Mikrokamera: włożona do odpływu i pokazuje wszystkie blokady
Myślę, że każdy, kto mieszka we własnym domu, miał zatory w rurach wodociągowych lub kanalizacyjnych. Przydaje się też okresowa kontrola studni: nagle początek jest „piaszczysty” lub filtr jest już zarośnięty.
Od kilku lat chciałem sprawdzić stan moich rur i znalazłem proste i eleganckie rozwiązanie - 5-metrową kamerę endoskopową, która łączy się z telefonem i przekazuje obraz na ekran.
Następnie możesz zrobić ze zdjęciem, co chcesz: zrobić zdjęcie, nakręcić film lub po prostu obejrzeć go w czasie rzeczywistym. Właściwie to pokazuję samo urządzenie:
Kamera dostarczana jest w małym pudełku, pięciometrowym przewodzie - w zgrabnej, skręconej formie. Sam materiał izolacyjny jest solidny: elastyczny, ale trwały. Przypomina dobry radziecki drut marki PUGV.
Na końcach przewodu znajduje się kamera z podświetleniem LED oraz port do włożenia do standardowego gniazda telefonicznego. Jeśli masz iPhone'a lub chcesz podłączyć aparat do komputera, w zestawie były 2 adaptery.

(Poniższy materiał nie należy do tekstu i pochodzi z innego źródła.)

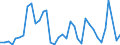 Flow: Exports / Measure: Values / Partner Country: Argentina / Reporting Country: New Zealand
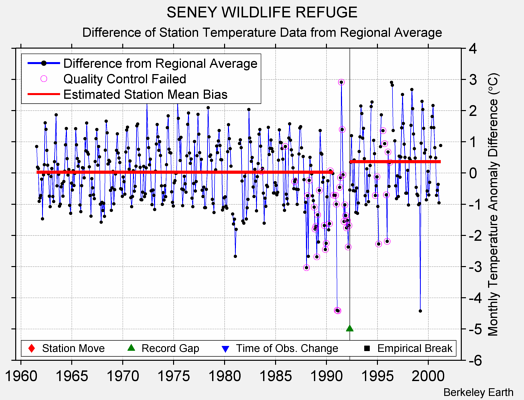 SENEY WILDLIFE REFUGE difference from regional expectation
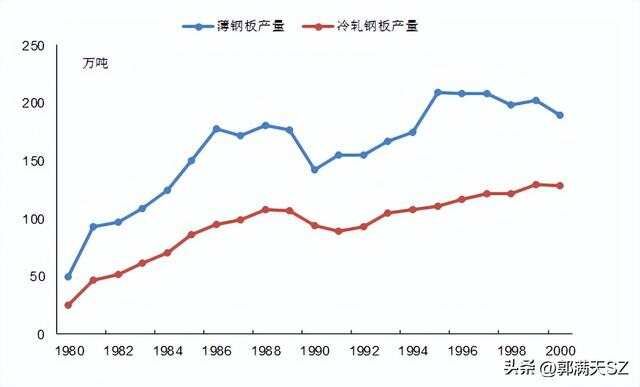 武钢发展历程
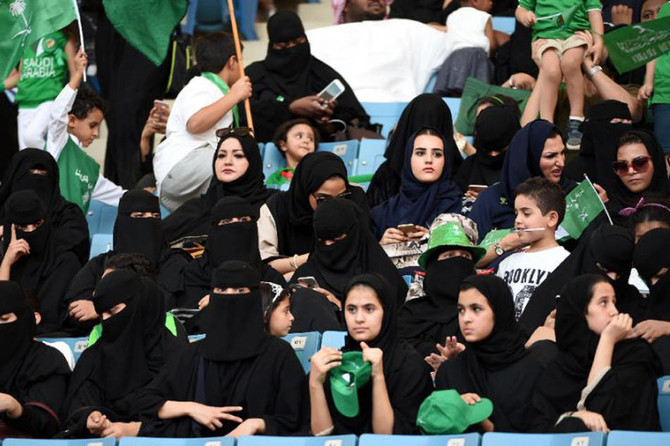 Indian Muslim cleric says women watching football un-Islamic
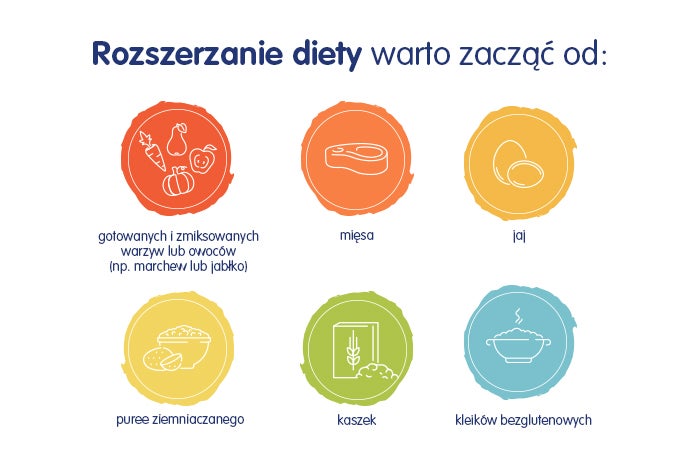 A od czego warto zacząć poznawanie nowych smaków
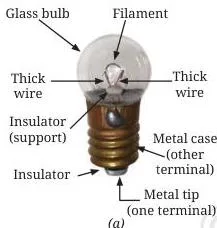 (a) A small incandescent lamp used in a torch (b) its simplified drawing showing the connection of wires to the terminals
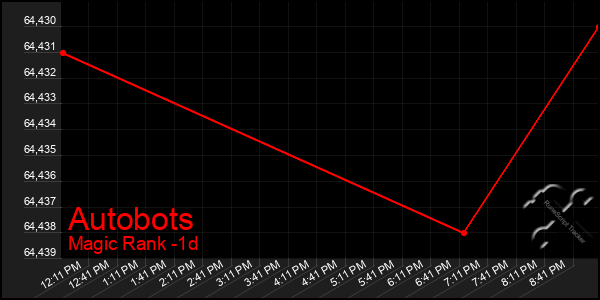 Last 24 Hours Graph of Autobots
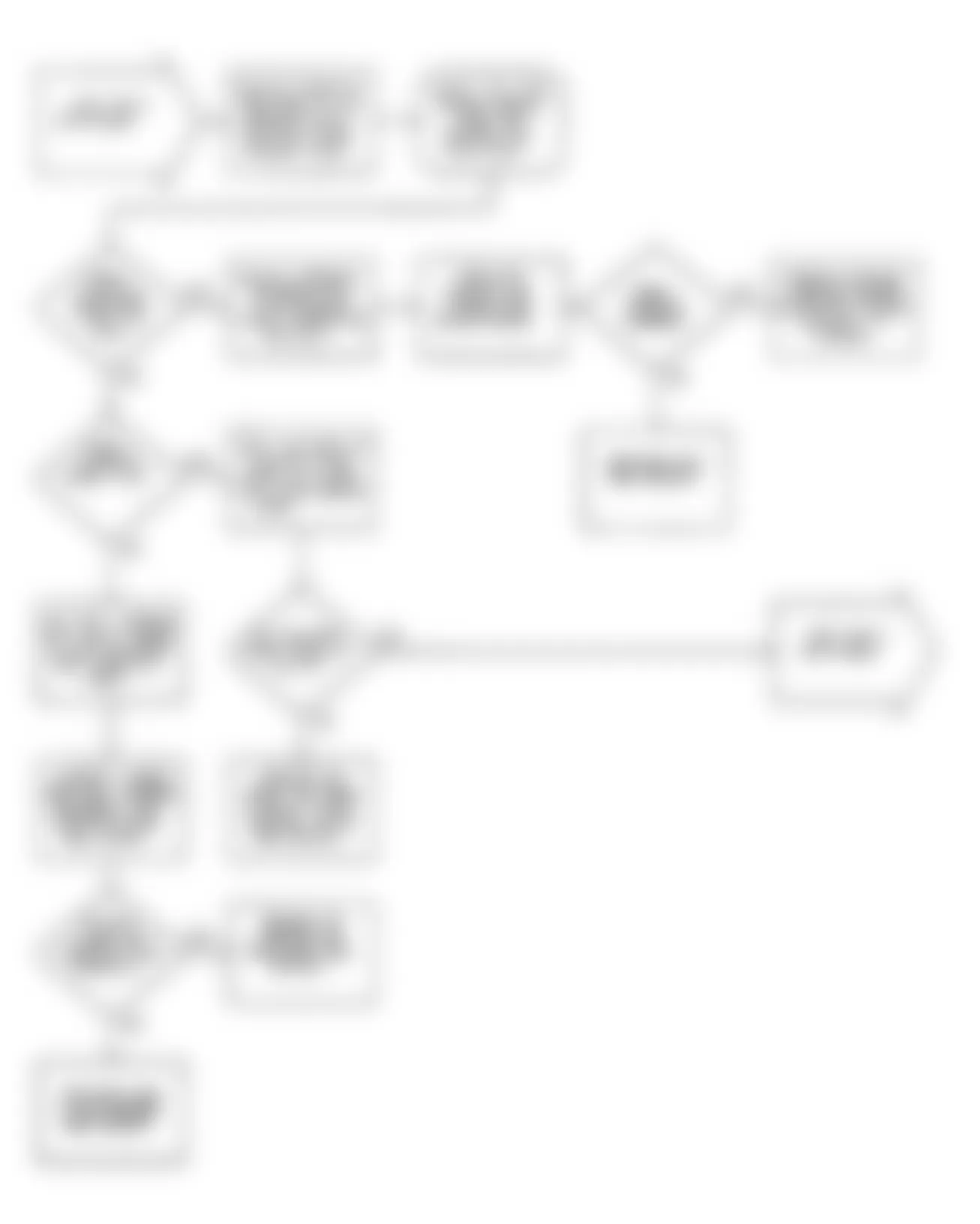 Dodge Colt GT 1990 - Component Locations -  Flow Chart DR-3 (1.8L) (2 of 3)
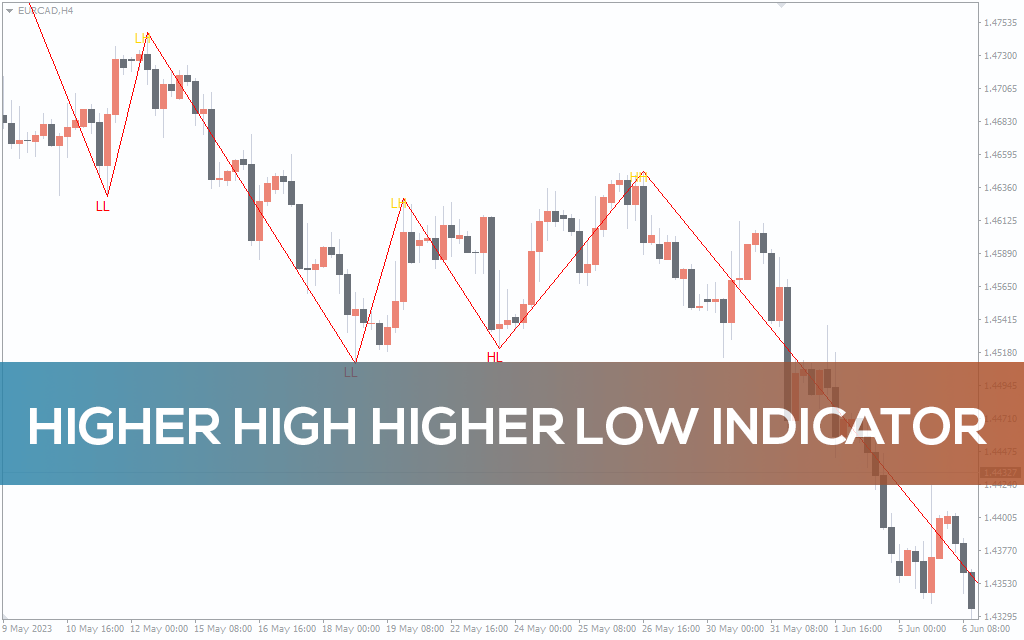 Higher High Higher Low Indicator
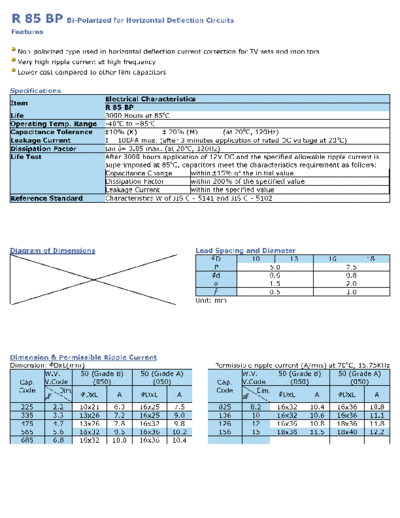 Wincap [bi-polar radial] R85BP Series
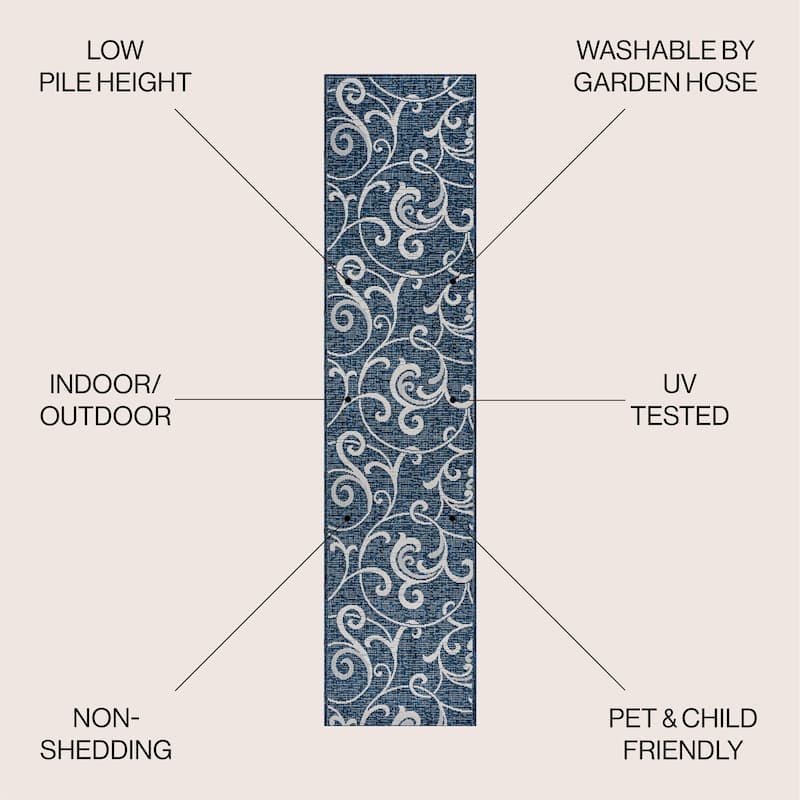 JONATHAN Y Isla Traditional Classic All-Over Scroll Green/Cream Indoor/Outdoor Area Rug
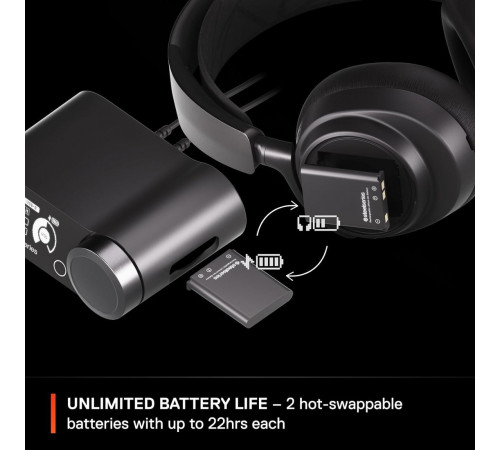 Наушники SteelSeries Arctis Nova Pro Wireless (черный)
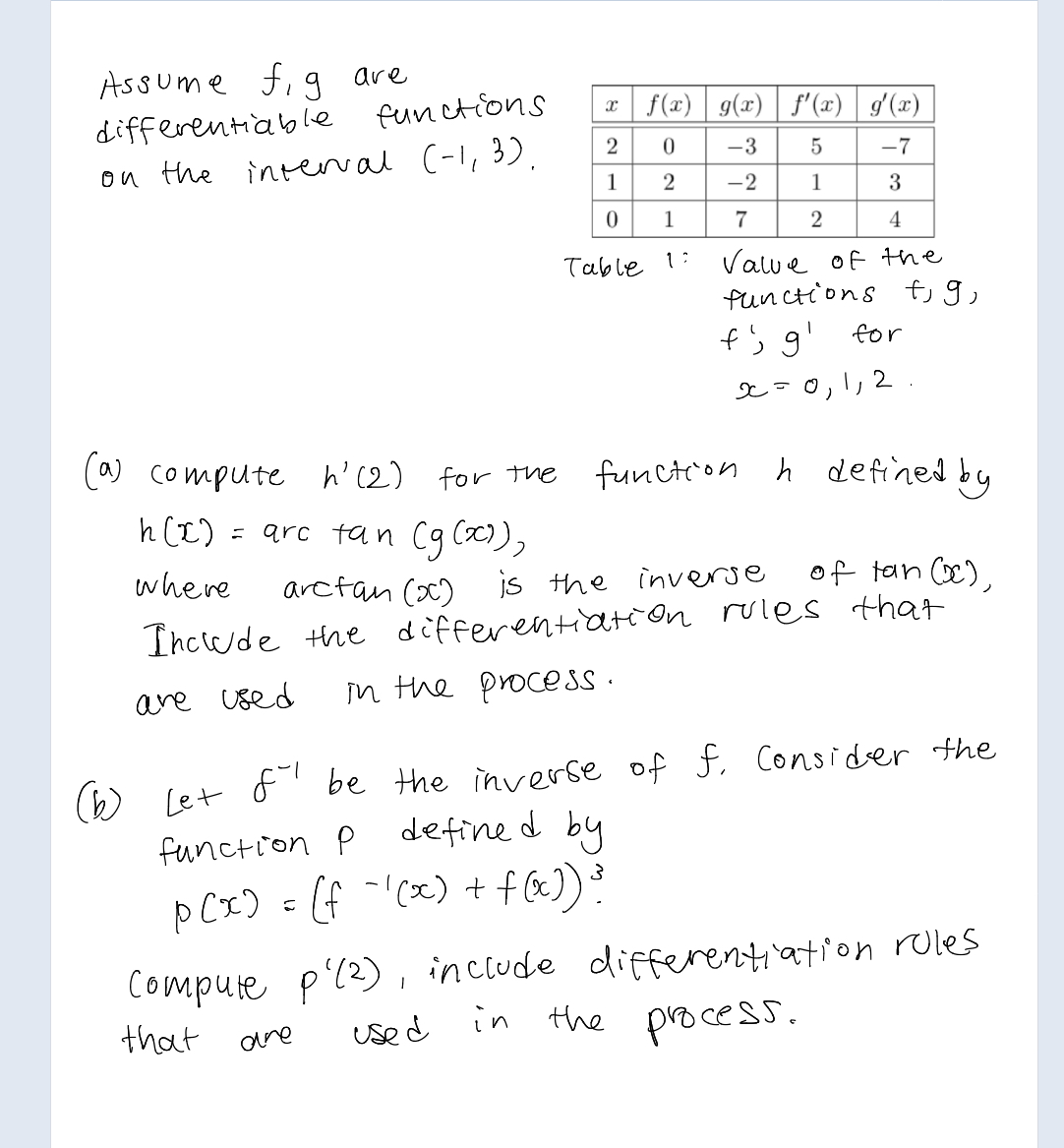 Answered Assume F G Are Differentiable Bartleby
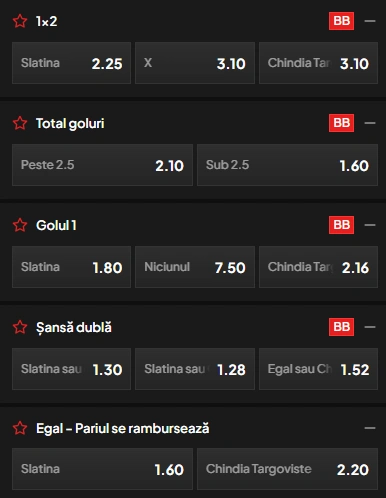 Cote pariuri CSM Slatina vs Chindia Targoviste la TopBet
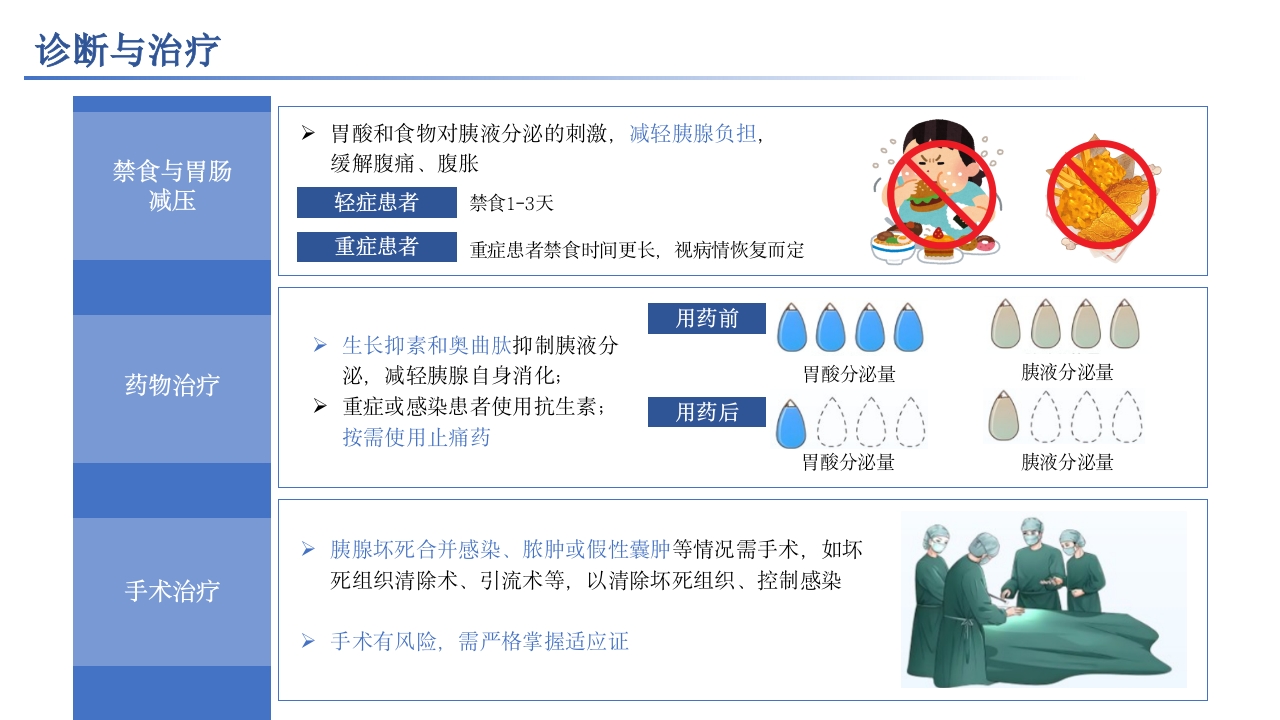 急性胰腺炎相关知识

A tak wygląda korpus aparatu z boku. Wystarczająco długi oznacza aparat o dobrej rozdzielczości. To samo zdjęcie przedstawia regulator ze srebrnym przyciskiem. Naciśnięcie tego przycisku powoduje zrobienie zdjęcia. Z boku regulatora znajduje się suwak, który włącza i wyłącza podświetlenie wokół obiektywu aparatu.
Czas wypróbować kamerę w akcji! Obiektywnie wybrałem najlepsze zdjęcie. Jak widać, poza niewielką rdzą poważnych narośli, nie zauważono nagromadzenia włosów, mydła i złogów tłuszczu. Możesz dobrze spać.
Miałem szczęście i ktoś mógł mieć osady w rurach. I tylko ten aparat pomoże je znaleźć. Cóż, albo telefon do specjalistów z dokładnie tym samym urządzeniem. Ale za połączenie będziesz musiał zapłacić co najmniej 3000 rubli. A sam aparat kosztuje kilkakrotnie mniej.
Dla tych, którzy chcą poznać stan studni lub rurociągu, dołączam link do aparatu.
Zadawaj pytania w komentarzach do artykułu!